Я фыркаю, убирая волосы за шиворот, и накидываю капюшон на голову.
4
Зима – наше любимое время года с сестрой. И не только потому, что мы отмечены богиней зимы и смерти Мораной, но и потому, что магия будто окутывает весь мир. Особенно я люблю ночь после снежного вечера с серебряной, полной луной, что заставляет нетронутый снег мерцать, будто усыпанный звёздами. А воздух, пронзительно морозный, щиплет нос и кусает щёки.
Я медленно выдыхаю густое облачко пара, кутаюсь в свою алую накидку на меховой подкладке, делаю несколько аккуратных шагов к лесу, а ноги в высоких сапогах утопают почти до середины голени.
Морщусь, когда Анна разбегается и падает на нетронутый снег, рушит идиллию свежего покрова, поднимая ногами и руками снежные хлопья. Она весело смеётся, а потом взвизгивает от холода, когда снег попадает ей за ворот кафтана, а мои губы непроизвольно растягиваются в улыбке, но я тут же шиплю на неё, прикладываю палец к губам, воровато оглядываюсь на далёкий храм.
Прошло больше месяца с тех пор, как мне исполнилось четырнадцать, а Анна стала Марой одну зиму назад. Наступил самый холодный, второй месяц зимы. Все уже отпраздновали Коляду – любимый праздник всех Мар. Сёстры обошли ближайшие деревни, принимая подношения и проверяя, что вокруг не завелась нечисть. Анна слишком мала для таких походов, а меня как старшую оставили следить за ней. Мы были расстроены, обе капризничали, что нас не пустили поводить хороводы у огромных костров да попеть колядки под окнами, чтобы выпросить вкусные угощения. Но Ирина и старшая сестра Кира были непреклонны, и нам пришлось остаться.

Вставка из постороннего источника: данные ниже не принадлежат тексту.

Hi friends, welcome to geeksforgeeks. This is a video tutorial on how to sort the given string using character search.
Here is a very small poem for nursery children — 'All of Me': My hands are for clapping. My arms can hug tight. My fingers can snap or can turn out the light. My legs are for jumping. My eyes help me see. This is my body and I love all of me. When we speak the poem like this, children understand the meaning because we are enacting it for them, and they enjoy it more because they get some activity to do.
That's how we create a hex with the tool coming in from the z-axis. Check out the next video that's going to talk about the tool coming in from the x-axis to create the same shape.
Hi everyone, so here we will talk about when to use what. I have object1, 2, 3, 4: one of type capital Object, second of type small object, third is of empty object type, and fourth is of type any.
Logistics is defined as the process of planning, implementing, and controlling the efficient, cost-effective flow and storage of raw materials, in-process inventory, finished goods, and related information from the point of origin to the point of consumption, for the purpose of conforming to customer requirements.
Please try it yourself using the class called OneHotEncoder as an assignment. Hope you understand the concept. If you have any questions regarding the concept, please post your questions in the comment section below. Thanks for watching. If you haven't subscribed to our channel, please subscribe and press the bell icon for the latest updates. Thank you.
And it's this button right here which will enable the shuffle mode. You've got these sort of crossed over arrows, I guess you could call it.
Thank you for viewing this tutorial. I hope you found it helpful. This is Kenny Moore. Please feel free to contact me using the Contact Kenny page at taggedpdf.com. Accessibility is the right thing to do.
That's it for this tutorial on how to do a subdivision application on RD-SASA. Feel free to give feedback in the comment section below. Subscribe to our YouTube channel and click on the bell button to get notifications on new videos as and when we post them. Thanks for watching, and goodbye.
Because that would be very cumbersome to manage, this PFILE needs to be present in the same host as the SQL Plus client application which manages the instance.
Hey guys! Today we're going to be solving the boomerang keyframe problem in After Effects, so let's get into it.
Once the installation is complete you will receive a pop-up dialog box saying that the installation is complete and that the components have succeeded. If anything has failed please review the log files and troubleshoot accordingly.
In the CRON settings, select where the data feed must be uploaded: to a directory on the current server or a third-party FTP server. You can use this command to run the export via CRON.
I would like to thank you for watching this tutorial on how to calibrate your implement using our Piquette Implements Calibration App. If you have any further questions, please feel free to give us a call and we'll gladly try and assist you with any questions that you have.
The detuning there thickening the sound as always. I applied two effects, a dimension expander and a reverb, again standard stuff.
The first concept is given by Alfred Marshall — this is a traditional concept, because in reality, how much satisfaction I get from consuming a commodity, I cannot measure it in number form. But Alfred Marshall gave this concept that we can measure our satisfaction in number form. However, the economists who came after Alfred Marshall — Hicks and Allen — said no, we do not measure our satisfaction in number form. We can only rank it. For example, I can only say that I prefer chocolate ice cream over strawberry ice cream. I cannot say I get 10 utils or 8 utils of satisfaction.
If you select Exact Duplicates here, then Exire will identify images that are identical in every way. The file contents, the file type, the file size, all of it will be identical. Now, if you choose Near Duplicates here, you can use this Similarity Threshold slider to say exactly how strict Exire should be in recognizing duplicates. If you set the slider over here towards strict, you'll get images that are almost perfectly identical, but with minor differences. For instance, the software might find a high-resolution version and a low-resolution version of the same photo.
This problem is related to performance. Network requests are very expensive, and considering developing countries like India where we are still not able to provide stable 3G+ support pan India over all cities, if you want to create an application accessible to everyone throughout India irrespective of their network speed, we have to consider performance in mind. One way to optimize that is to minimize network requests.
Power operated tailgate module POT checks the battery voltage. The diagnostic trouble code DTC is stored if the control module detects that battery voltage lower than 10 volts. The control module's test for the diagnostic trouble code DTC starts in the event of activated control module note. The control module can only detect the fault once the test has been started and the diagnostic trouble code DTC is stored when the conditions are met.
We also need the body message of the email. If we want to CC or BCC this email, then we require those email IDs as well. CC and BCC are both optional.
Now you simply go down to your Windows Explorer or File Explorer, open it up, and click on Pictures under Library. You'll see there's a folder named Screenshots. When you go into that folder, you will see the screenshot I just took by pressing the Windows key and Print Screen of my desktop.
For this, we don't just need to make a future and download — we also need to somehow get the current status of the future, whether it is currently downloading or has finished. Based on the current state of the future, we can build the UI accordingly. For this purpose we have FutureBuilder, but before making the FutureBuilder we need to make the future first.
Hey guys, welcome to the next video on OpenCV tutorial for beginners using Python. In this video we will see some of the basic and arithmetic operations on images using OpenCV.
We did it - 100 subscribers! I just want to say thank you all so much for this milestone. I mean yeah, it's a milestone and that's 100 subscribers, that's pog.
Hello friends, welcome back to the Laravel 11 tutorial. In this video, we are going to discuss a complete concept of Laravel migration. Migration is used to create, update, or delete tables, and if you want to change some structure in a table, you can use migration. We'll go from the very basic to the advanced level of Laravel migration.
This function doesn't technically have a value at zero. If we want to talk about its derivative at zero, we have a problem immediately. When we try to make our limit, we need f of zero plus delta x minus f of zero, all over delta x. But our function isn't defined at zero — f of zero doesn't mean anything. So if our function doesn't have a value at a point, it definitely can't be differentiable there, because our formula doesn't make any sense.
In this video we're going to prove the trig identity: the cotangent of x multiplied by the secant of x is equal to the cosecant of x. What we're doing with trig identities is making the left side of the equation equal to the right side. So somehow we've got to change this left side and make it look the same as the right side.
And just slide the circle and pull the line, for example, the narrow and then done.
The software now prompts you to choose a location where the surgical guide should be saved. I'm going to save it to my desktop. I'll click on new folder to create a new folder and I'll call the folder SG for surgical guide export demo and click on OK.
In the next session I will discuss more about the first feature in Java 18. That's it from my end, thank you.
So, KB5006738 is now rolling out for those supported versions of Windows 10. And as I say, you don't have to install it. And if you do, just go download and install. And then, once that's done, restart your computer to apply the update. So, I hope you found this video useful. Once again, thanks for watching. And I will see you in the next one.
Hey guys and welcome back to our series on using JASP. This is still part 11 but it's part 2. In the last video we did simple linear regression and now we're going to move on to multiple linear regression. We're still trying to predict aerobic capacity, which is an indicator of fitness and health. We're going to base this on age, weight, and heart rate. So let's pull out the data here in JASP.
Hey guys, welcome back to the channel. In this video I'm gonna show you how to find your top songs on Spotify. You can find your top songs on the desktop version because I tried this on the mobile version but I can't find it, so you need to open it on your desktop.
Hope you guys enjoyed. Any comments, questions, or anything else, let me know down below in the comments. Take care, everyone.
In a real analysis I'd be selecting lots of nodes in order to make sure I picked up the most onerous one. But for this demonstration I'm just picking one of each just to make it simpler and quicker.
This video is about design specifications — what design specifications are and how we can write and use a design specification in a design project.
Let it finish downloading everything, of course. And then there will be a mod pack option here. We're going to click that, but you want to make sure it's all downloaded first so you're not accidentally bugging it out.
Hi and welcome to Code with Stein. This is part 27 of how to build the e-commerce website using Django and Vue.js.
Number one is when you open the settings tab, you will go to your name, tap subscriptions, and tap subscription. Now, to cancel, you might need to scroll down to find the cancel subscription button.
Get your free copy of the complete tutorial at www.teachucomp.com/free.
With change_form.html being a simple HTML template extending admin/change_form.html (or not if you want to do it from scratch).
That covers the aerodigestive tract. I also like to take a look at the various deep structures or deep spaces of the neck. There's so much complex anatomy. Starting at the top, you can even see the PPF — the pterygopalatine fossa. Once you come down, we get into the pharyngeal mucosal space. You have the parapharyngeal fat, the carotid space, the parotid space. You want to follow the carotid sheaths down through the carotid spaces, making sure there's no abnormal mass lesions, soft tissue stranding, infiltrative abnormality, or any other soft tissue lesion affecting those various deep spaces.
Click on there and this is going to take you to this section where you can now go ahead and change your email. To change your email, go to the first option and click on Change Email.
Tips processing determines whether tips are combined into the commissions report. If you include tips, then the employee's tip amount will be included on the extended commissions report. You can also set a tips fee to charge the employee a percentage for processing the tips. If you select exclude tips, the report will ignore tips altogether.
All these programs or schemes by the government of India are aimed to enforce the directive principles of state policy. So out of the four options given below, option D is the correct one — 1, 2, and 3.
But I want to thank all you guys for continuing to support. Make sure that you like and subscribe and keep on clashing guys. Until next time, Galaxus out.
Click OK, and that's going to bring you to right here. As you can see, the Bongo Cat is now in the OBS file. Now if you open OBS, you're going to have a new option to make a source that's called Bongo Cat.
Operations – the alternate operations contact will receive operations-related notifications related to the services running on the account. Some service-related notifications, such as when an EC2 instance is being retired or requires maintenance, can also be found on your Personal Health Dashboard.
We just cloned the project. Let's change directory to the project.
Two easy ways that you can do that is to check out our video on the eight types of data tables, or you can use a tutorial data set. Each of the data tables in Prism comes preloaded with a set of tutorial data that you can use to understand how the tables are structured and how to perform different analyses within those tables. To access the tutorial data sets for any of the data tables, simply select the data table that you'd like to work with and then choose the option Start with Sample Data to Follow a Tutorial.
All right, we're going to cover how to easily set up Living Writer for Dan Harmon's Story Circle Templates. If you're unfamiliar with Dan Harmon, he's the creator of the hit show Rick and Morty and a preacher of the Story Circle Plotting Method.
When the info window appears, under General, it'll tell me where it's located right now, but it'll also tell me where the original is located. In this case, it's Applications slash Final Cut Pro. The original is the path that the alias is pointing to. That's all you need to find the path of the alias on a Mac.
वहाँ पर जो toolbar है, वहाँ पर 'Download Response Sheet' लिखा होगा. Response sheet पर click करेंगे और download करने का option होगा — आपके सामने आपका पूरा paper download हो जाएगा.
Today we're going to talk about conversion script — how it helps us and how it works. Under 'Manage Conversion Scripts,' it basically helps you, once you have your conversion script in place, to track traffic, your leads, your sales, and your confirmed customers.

Однако сёстры, усталые, вернулись сегодня под самый конец темнеющих сумерек, потому что везде начались Велесовы святки, где люди заклинают и молятся другому богу о будущем урожае и здоровом скоте. Служительницы храма расслабились, перестав за нами следить, поэтому Анна упросила меня с ней прогуляться.
– Пойдём, Агата! Вон там есть озеро, а рядом с ним клюква, если соберём, то на кухне можно упросить сделать твой любимый морс! – Анна неуклюже поднимается, пытаясь вытряхнуть весь снег из тёмных волос, но часть длинных прядей уже мокрые.
– Нельзя отходить так далеко, дурёха! – Я подхожу ближе, скручиваю её волосы, убираю так, чтобы они не холодили шею, и накидываю ей на голову капюшон. – Ночь на дворе. Если нас хватятся, то нам попадёт! Хочешь ещё пыль со старых полок в библиотеки протирать?
Сестра смешно морщит нос, уборку она не любит. Ирина пытается её наказывать за непослушание таким способом, но результата пока никакого.
– Тут недалеко! Я тебе кое-что показать хочу!
Она в нетерпении мнётся, смотрит на меня с надеждой, округляет свои большие синие глаза, а я вновь оглядываюсь на храм, что тянется ввысь. Днём серый камень стен сейчас почти чёрный, выделяется на фоне заснеженного леса, а оранжевые огни свечей горят лишь в нескольких окнах. Почти все жители спят.
Я перевожу взгляд на небо, хочу придумать отговорку, что слишком темно, но луна светит ярко, а снег вторит ей, отражает, сверкает, укутывая толстыми слоями еловые ветки.
– Хорошо, пойдём. Только быстро.
Анна радуется, подпрыгивает и устремляется на северо-запад к границе с Сератом, упорствует, переставляя ноги в снегу, утопая почти по колено. Я выше и двигаюсь быстрее, с лёгкостью её догоняя. Улыбаюсь, пальцами обхватываю её руку в шерстяных рукавицах.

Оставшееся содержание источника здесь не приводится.